The amendment also increases the statute of limitations to challenge retaliation from 60 days to one year. It takes time for a whistleblower to find counsel, since few lawyers have expertise both in military and whistleblower law. Other federal and contractor whistleblowers have at least a three year statute of limitations.
The Warner-Collins-Kaine-Grassley Amendment also requires that a higher level service Inspector General (IG) investigate reprisal charges, not the level where the whistleblower is stationed. The Department of Defense OIG routinely delegates cases to service IG’s, which assign them to agents working at the whistleblower’s facility. Since service IG’s do not have structural independence, agents who conduct fact finding may working for or be subject to authority by the defendant. This conflict of interest further illustrates why current MWPA rights can be dangerous. In one example, the base IG agents told a whistleblower challenging harassment to gather evidence supporting his disclosure of a maintenance breakdown on military aircraft. When he complied, the IG opened an investigation for theft of government property that was the basis for further charges.

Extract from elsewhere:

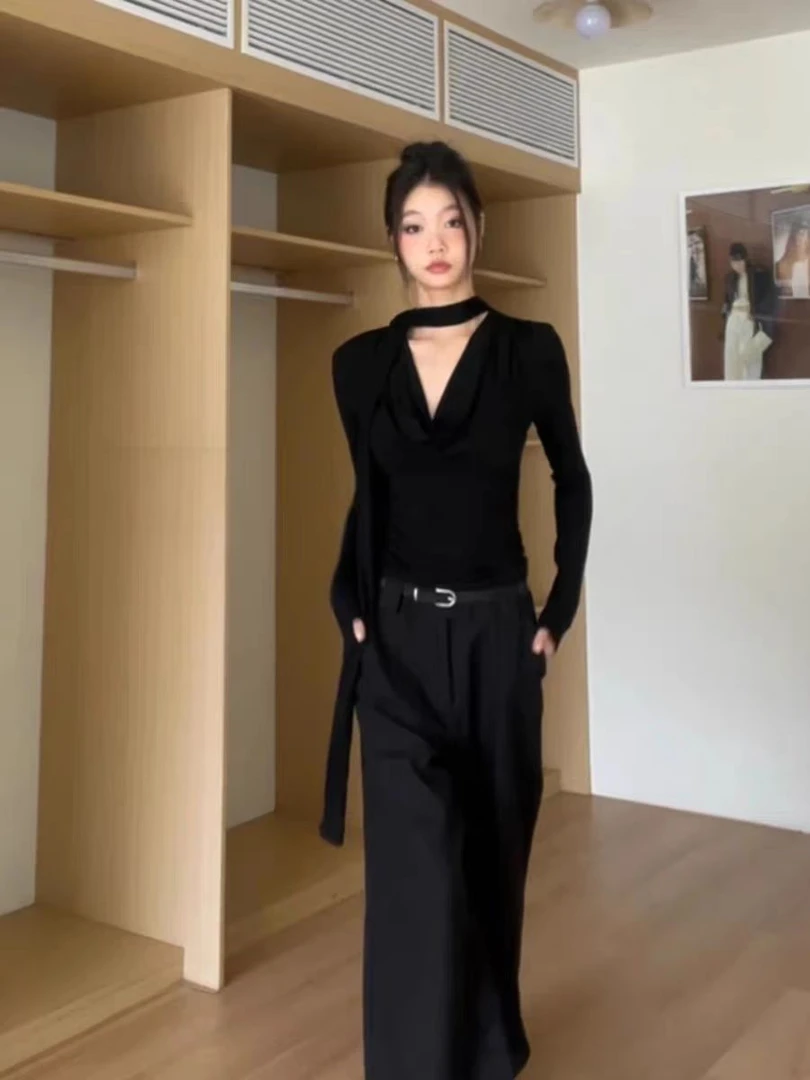 黑色飘带荡领长袖T恤女早秋季高级感修身显瘦褶皱内搭打底衫上衣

The current bar for our troops to prove retaliation for whistleblowing is just too high. The MWPA also controls the Public Health Service, where life and death stakes are common. To have confidence the new rights will make a difference there must not be discriminatory standards for how much evidence whistleblowers must product to win their cases. Unfortunately, the Senate bill does not offer the standard for proving retaliation that was included in the House version of the NDAA, the original bill introduced by Senators Warner and Tim Kaine (D-VA), and the original draft Amendment. However, we will continue to urge Congress to include it in the final reconciled NDAA, since the Whistleblower Protection Act burdens of proof found in every whistleblower law and directive since 1988—including those for the intelligence community.
It is familiar to hear from a few (usually the ones in charge) that more protections will encourage exploitation of the system. This has not been the experience with any of the more than 20 federal laws on the books—not even with the laws that offer a potential monetary reward like the hugely successful False Claims Act.

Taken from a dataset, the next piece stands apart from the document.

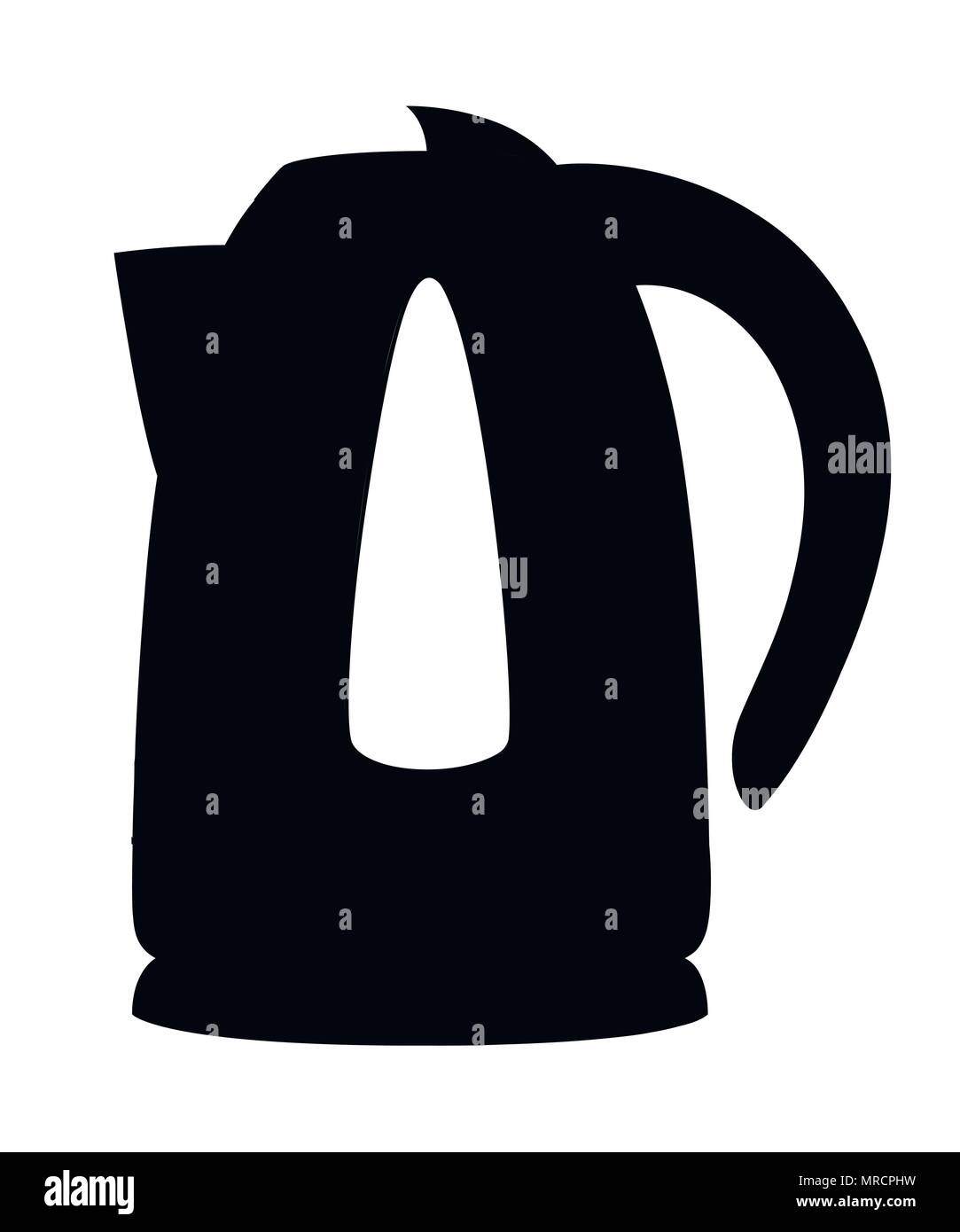 Black silhouette .Illustration of kettle with transparent glass. Electric kettle icon. Vector illustration isolated on white background. Stock Vector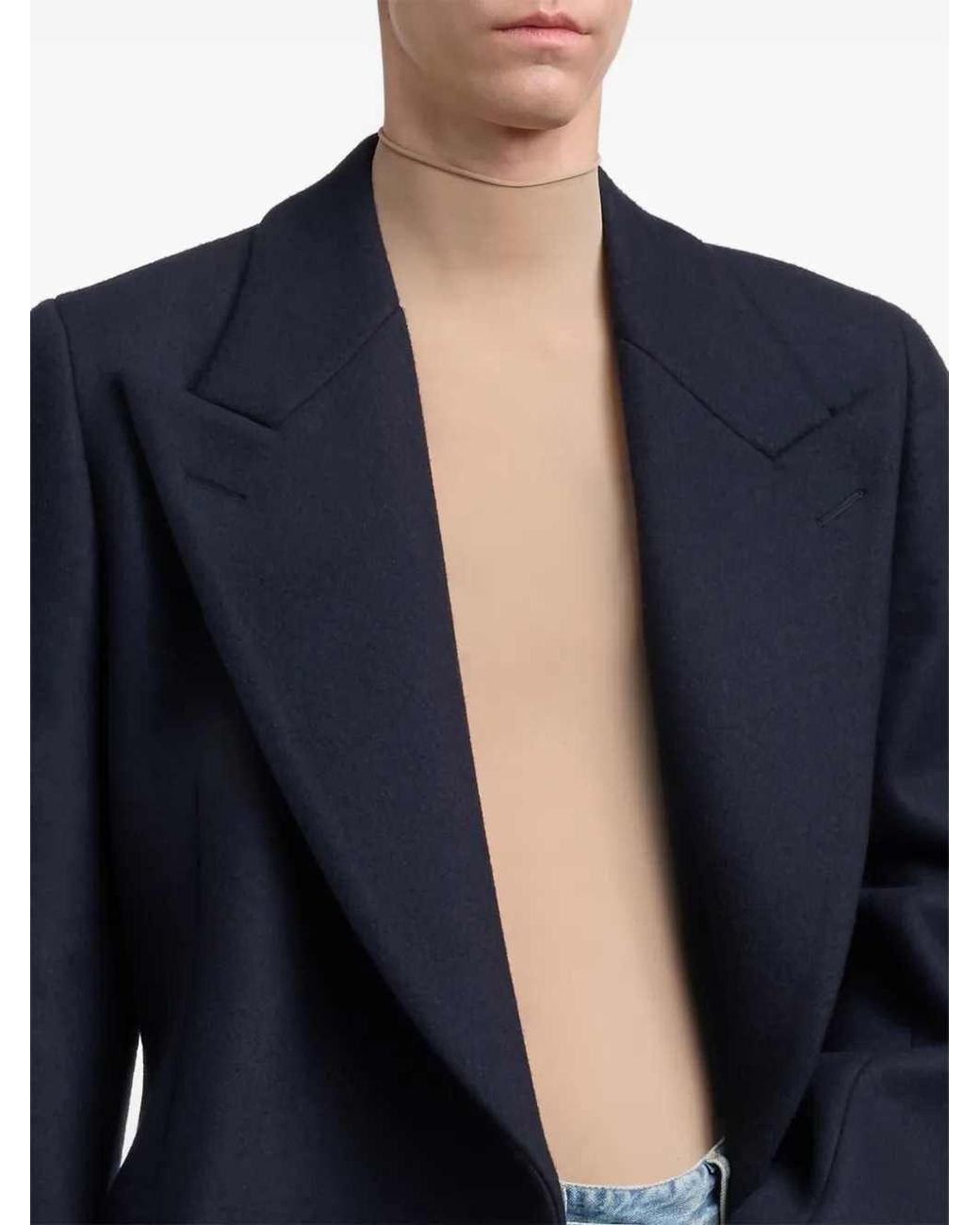 Maison Margiela Blue Double-Breasted Coat for men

The truth is that even with the best protections, blowing the whistle on wrongdoing is extremely risky. We believe that is even truer for our service men and women, given the military culture. Certainly, our men and women in the military deserve better than the third-rate rights they currently have.
Better protections for those seeking to fix what’s wrong in our military will increase accountability for those who undermine our military readiness. With authentic protections for those who report wrongdoing, problems will more often be addressed as they arise, and many will be averted altogether.
Please support the Warner-Collins-Kaine-Grassley Amendment.
Gabe Bruno, Former Manager of the Orlando Flight Standards District Office, FAA
Kevin Robert Downing, Former Captain, U.S. Army Reserves
Bogdan Dzakovic, Former Team Leader, Air Marshal Service
Kim A. Farrington, Former Safety Inspector, FAA
Matthew Fogg, Chief Deputy (retired), U.S. Marshal Service
Franz Gayl, Major (retired), U.S. Marine Corps; Senior Science Advisor to U.S. Marine Corps
Michael German, Former Special Agent, FBI
Cathy Harris, Veteran, U.S. Army; Former Senior Inspector, U.S. Customs
Mike Holmes, LtCol (retired), U.S. Army
Robert MacLean, Former Federal Air Marshal, Air Marshal Service; Veteran, U.S. Air Force (active duty & reserve)
Michael McCray, Former Community Development Specialist, USDA
Marcel Reid, Former DC Chair and National Board Member, ACORN; Whistleblower Liaison, Pacifica Radio
Tony Shaffer, LtCol (retired), U.S. Army, Former Senior Intelligence Officer
James W. Weirick, Major, U.S. Marine Corps
American Booksellers Foundation for Free Expression (ABFFE)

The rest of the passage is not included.